::: Provided entries :::

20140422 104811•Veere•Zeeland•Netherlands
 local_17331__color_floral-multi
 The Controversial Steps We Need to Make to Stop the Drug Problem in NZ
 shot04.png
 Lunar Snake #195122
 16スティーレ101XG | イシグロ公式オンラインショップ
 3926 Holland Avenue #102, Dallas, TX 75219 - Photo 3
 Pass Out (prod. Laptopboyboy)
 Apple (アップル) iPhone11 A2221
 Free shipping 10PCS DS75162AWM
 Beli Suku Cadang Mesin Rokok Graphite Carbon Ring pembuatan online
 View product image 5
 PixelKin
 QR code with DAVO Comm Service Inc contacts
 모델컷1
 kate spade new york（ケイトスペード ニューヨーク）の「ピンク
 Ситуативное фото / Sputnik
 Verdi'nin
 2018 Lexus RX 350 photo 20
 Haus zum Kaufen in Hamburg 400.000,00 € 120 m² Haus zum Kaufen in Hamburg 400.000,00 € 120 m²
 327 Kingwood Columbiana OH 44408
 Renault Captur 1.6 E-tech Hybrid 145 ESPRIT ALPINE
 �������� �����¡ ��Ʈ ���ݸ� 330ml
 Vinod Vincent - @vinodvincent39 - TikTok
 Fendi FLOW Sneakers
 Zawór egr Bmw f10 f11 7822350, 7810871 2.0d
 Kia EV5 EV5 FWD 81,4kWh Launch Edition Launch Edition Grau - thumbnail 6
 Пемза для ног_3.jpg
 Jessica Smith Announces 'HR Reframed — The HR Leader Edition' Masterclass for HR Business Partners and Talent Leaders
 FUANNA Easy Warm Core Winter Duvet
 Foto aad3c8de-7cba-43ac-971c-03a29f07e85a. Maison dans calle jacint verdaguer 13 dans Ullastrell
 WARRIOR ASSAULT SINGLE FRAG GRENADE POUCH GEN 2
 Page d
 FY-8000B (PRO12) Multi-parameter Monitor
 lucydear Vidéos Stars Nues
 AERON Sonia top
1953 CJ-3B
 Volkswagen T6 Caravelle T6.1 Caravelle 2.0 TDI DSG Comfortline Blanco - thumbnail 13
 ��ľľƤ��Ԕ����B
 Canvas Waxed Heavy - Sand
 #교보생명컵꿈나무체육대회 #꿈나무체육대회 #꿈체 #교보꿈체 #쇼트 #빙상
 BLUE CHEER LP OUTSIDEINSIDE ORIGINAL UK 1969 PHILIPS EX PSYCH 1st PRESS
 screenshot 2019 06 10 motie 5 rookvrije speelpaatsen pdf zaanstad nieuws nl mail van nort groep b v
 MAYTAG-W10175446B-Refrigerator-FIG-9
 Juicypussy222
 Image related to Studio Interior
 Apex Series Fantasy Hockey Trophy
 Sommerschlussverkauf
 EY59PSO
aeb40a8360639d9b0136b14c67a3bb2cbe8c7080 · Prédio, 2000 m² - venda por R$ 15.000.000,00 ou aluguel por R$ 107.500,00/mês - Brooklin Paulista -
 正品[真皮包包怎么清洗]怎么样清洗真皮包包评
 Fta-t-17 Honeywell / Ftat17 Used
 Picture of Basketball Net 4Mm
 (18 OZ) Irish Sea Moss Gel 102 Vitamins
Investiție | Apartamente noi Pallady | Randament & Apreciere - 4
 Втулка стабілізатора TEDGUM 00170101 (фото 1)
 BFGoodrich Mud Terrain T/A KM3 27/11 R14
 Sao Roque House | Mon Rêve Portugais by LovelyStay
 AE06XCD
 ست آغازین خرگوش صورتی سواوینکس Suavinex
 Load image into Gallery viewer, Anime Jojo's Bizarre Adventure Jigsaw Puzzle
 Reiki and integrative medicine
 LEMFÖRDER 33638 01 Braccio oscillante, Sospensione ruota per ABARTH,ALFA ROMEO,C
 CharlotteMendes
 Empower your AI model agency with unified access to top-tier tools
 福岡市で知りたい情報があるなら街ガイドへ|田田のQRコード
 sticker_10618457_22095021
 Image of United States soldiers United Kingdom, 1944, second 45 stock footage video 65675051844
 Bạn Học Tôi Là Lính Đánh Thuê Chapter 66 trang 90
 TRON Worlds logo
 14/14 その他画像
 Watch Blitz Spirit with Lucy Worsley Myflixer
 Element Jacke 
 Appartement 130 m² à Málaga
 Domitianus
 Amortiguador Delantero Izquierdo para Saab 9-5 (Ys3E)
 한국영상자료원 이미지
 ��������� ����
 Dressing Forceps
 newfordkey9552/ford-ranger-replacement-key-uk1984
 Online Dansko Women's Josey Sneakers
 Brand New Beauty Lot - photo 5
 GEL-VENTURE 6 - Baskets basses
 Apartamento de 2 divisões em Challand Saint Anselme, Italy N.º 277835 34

:::

## Problem
Reproduce exactly the lines of the records above from the one with "Image related to Studio Interior" to the one with "aeb40a8360639d9b0136b14c67a3bb2cbe8c7080 · Prédio, 2000", both included, and leave out everything else.

## Solution to this exercise
 Image related to Studio Interior
 Apex Series Fantasy Hockey Trophy
 Sommerschlussverkauf
 EY59PSO
aeb40a8360639d9b0136b14c67a3bb2cbe8c7080 · Prédio, 2000 m² - venda por R$ 15.000.000,00 ou aluguel por R$ 107.500,00/mês - Brooklin Paulista -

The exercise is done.